◆ WHAT IS BEING ASKED
Lines before the one containing "Room 4 of 16" are left out; return that line and all lines after it, exactly, through the end of the records below.

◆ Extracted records

-*-*-

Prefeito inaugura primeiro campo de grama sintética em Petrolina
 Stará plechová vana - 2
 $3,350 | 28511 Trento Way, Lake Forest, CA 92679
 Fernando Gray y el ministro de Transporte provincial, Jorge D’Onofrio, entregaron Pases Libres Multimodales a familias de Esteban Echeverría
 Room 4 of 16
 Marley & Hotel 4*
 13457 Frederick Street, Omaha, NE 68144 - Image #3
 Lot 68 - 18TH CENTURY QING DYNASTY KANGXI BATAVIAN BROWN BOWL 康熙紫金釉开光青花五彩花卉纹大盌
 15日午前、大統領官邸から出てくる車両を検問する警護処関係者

-*-*-

◆ EXERCISE RESPONSE
 Room 4 of 16
 Marley & Hotel 4*
 13457 Frederick Street, Omaha, NE 68144 - Image #3
 Lot 68 - 18TH CENTURY QING DYNASTY KANGXI BATAVIAN BROWN BOWL 康熙紫金釉开光青花五彩花卉纹大盌
 15日午前、大統領官邸から出てくる車両を検問する警護処関係者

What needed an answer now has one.